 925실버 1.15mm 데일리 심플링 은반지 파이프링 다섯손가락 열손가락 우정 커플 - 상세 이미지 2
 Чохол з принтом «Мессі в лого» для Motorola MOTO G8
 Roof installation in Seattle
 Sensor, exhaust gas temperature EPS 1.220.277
■ ■ ■ ■
What is needed — Whatever appears in the data above should be set down again exactly.

Finished exercise —
 925실버 1.15mm 데일리 심플링 은반지 파이프링 다섯손가락 열손가락 우정 커플 - 상세 이미지 2
 Чохол з принтом «Мессі в лого» для Motorola MOTO G8
 Roof installation in Seattle
 Sensor, exhaust gas temperature EPS 1.220.277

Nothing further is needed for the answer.